Cash is king—and needs to be in the model
Surprisingly, less than half of the companies we talked to had a cash flow forecast built into their models, having prioritized planning the P&L over the balance sheet in their initial deployments. Now, given the importance of ensuring sufficient liquidity in an unstable economic environment, many are scrambling to add a forward balance sheet and cash flow statement to their models. These efforts will better position them to understand funding needs, address covenant problems in a range of possible bull and bear case scenarios. As one veteran CFO remarked, “When you’re going to your bank to ask them for flexibility on covenants, it pays to be first in line.”

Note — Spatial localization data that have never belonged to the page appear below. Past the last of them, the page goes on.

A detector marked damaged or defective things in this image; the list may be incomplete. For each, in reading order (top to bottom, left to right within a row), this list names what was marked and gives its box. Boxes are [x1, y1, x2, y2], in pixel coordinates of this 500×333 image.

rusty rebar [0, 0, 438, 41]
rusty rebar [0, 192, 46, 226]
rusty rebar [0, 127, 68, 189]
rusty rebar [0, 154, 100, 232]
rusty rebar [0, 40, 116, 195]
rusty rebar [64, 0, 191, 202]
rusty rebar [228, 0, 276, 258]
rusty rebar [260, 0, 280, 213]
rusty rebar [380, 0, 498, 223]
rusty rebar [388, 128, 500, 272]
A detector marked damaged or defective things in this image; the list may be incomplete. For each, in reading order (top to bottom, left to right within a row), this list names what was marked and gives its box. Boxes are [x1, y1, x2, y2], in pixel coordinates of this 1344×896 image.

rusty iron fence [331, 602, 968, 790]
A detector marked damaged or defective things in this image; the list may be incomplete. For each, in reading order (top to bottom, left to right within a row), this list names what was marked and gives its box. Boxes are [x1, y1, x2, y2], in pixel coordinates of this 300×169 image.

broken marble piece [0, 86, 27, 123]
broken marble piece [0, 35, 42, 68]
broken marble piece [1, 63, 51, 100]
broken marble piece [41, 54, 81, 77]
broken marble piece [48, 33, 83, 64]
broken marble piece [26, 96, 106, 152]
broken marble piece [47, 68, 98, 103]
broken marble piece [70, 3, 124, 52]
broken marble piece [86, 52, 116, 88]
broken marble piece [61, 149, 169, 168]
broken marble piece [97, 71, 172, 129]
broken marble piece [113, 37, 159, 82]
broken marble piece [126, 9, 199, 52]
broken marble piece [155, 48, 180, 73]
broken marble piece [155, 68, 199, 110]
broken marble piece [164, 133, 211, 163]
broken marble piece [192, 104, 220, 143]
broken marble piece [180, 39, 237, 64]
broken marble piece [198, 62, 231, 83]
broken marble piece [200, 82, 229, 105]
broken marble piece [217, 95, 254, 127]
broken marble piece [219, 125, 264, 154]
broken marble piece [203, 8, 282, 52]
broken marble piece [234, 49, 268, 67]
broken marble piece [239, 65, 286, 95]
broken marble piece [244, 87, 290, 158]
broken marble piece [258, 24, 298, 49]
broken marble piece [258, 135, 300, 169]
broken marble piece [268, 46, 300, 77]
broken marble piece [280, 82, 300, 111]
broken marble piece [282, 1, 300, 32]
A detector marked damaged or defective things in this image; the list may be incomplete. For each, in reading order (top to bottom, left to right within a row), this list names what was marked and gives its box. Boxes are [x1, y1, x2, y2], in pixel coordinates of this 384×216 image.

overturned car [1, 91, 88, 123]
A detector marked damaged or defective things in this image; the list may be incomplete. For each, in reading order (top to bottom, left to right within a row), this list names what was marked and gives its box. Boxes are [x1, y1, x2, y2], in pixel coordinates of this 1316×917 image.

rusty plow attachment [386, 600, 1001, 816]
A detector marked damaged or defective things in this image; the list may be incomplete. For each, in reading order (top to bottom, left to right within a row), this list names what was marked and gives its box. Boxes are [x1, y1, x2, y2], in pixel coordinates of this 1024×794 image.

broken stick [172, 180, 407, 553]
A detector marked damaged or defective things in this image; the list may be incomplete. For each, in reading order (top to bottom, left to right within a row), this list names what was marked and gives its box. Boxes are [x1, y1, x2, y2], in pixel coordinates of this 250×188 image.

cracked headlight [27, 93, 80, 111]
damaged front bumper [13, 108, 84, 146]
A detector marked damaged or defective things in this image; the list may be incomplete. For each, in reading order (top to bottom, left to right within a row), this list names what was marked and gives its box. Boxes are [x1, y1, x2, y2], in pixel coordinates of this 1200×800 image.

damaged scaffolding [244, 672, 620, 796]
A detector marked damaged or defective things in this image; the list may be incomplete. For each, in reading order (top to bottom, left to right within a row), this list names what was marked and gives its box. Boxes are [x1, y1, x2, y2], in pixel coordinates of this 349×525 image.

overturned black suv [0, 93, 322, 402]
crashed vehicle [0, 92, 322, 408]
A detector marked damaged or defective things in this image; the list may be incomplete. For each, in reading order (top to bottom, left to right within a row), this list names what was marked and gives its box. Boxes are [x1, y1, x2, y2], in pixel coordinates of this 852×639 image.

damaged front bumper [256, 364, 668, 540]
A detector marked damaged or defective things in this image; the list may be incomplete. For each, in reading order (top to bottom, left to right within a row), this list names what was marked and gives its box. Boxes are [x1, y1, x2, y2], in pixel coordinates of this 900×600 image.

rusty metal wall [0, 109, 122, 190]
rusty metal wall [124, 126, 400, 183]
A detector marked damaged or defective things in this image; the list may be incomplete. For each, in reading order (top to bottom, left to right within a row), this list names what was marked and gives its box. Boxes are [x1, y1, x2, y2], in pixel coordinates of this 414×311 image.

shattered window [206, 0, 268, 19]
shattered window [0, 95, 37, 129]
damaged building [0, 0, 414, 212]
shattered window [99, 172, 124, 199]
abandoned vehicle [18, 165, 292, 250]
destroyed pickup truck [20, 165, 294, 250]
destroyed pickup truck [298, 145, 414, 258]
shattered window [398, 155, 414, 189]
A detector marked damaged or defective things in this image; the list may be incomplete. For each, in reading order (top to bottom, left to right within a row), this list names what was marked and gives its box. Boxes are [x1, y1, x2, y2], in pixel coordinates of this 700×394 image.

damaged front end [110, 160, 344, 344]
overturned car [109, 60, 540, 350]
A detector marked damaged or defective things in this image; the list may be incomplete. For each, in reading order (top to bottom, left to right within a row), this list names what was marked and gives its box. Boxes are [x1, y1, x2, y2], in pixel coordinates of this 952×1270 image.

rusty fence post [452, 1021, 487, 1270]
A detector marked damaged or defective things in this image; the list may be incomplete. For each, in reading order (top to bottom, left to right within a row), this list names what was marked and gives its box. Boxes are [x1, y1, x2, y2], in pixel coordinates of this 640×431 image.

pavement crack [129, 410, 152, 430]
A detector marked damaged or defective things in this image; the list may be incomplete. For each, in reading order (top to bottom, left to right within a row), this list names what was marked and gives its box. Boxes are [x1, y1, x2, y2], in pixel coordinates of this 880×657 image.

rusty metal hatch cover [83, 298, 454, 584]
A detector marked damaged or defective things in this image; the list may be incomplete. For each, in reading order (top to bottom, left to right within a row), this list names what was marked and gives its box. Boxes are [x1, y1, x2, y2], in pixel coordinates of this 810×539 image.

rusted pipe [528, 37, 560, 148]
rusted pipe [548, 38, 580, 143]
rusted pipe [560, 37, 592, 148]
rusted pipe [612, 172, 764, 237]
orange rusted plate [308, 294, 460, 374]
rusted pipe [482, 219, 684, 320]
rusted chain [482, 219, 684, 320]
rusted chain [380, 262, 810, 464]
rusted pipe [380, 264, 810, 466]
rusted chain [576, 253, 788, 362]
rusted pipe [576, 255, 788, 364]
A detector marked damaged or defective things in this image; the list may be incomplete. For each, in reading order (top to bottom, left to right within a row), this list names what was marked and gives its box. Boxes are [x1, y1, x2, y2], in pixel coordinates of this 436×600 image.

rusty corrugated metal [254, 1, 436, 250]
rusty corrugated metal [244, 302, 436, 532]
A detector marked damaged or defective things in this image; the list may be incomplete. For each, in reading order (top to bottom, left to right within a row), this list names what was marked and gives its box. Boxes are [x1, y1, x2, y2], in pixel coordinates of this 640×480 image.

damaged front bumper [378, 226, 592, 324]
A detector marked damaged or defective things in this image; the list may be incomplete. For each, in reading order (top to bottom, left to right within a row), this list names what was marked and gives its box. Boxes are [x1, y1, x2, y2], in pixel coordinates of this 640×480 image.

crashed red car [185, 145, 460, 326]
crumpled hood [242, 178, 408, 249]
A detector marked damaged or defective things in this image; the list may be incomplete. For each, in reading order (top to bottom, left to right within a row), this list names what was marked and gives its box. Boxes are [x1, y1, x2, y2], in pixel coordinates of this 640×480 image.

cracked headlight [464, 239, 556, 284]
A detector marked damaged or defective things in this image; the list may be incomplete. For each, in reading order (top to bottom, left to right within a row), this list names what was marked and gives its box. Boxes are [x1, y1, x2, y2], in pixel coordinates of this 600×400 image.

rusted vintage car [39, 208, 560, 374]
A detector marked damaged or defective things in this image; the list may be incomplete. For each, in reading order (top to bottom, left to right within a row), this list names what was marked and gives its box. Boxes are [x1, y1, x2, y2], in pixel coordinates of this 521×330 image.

For companies like Plex Systems, having a cash flow forecast built out in their model allowed them to move quickly, assess the situation, and make adjustments with less risk — understanding that they don’t have unlimited liquidity as a PE/VC backed company. As Raj Amin, vice president of FP&A at Plex explained, “We were confident in our forecasts — which our executives and board want five years out. Because continuous planning is ‘normal course of business’ for us, we were able to articulate our financial strategy virtually immediately vs weeks, giving us an advantage in this rapidly changing business environment by getting in front or our board and debt holders first.”
Plan, plan, plan
The companies in the best position are those that have a plan, and, more important, the ability to reforecast that plan when needed. The ability to pivot has never been more important than in the past few months. When states reopen, businesses may well get a boost. But don’t stop there. If COVID-19 infection rates rise again, businesses could get hit, again. By planning for a range of scenarios, you can go to your bank, investors, employees, or your board and say, this is what we think will happen, this is what it looks like if it goes the wrong way, and this is what it looks like if it goes a little bit better.
Working remotely has also been a change for many finance teams amidst the pandemic. Ray Alwani, director of business systems process and strategy at ENMAX, says his team plans virtually. The key to setting yourself up for success? According to Alwani, “If you take the time to build a comprehensive data model — making the right data available at the right time plus leverage the data that you actually have available — it can really enhance your planning capability. We actually integrate our actuals into our planning system on a daily basis. So, at any point in time — and accessed from anywhere — our business partners have up to date information, which is a key input into our planning process.”
A new process for a new world
Over the past several months, finance teams across every industry, across every sized organization have faced significant challenges in assessing and responding to the pandemic. Holding office hours with FP&A professionals provided insight and understanding, and it’s clear that conditions are changing at a faster pace than we’ve ever seen, requiring a change in the way teams plan.
The ability to move to a continuous planning process has never been more important, so companies can quickly evaluate tradeoffs and make informed business decisions. And while the pandemic has pushed finance teams to adjust, these lessons learned now will enable stronger planning under more predictable circumstances and prove invaluable as companies start to plan for a recovery.